The aim of this review is to provide an updated overview of chemotherapy-related cognitive impairment (CRCI) in patients with cancer outside central nervous system (CNS), its incidence and prevalence, the cognitive pattern in neuropsychological studies, neuroimaging findings, and the relationship between chemobrain and aging. Methodological limitations of studies are also discussed.
This review was guided by the PRISMA statement. The MEDLINE and Scopus databases were employed to search articles about CRCI in non-CNS cancer patients published from January 2004 to September 2019. Two types of research were reviewed: prospective studies addressing the effects of chemotherapy on cognition and systematic reviews about factors related with CRCI, also as neuroimaging findings and current available treatments.
Fifty-nine studies meeting the criteria were analyzed: 47 were longitudinal studies on cancer and cognition and 12 were reviews on risk factors, neuroimaging, and treatment. The majority of studies find cognitive impairment in patients with cancer treated with chemotherapy. The body of the literature on breast cancer is the most abundant, but there are also studies on colorectal, testicular, and lung cancer. Neuroimaging studies show changes in structure and activation in patients undergoing chemotherapy. Non-pharmacological treatment is effective for improving cognition and quality of life.

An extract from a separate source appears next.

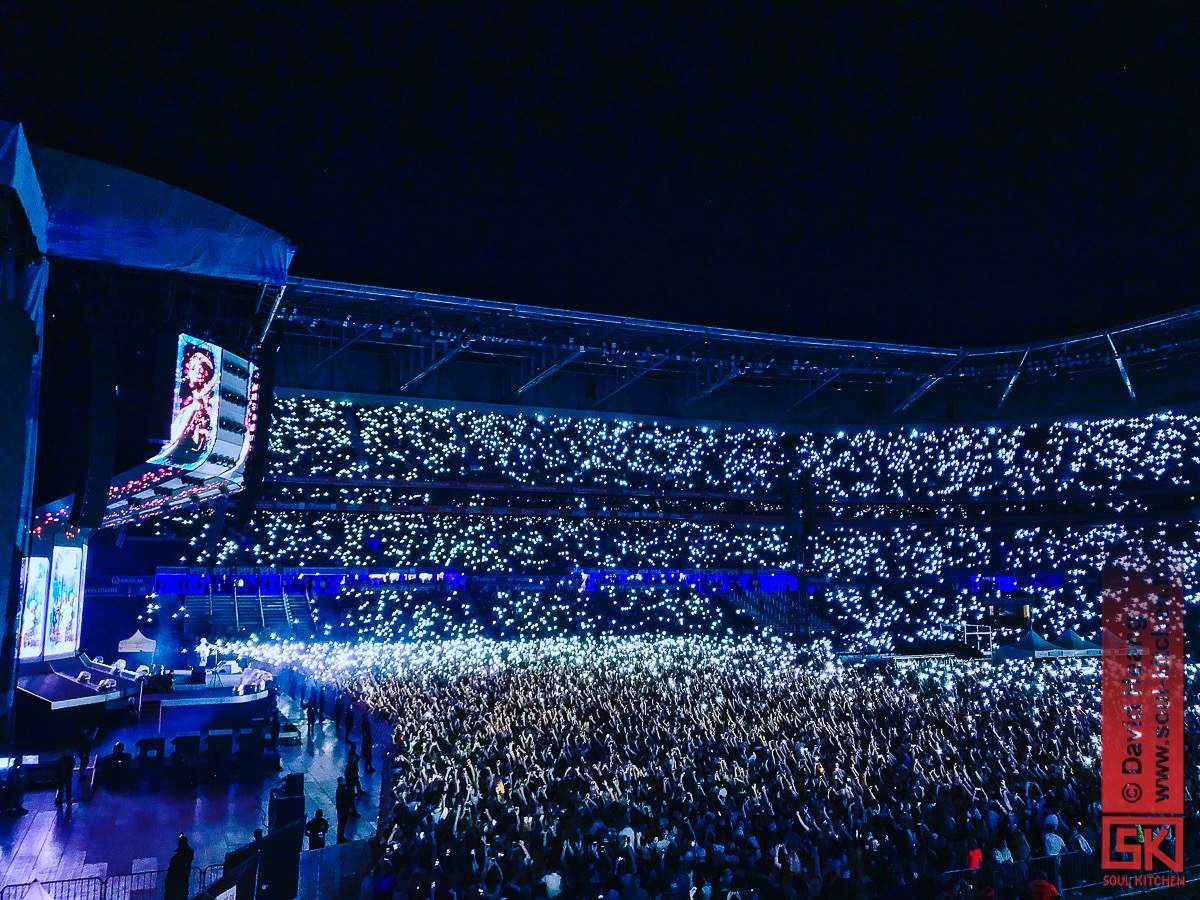 20190524_edsheeran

The occurrence of CRCI during the course of treatment in people with different types of cancer is frequent. Some risk factors have been identified, but CRCI is a complex phenomenon, with mediating factors related to cancer and treatment and moderating factors related with lifestyle and health.
This review highlights the importance of recognizing that this cognitive dysfunction is frequent, mild to moderate in nature but with great impact on quality of life.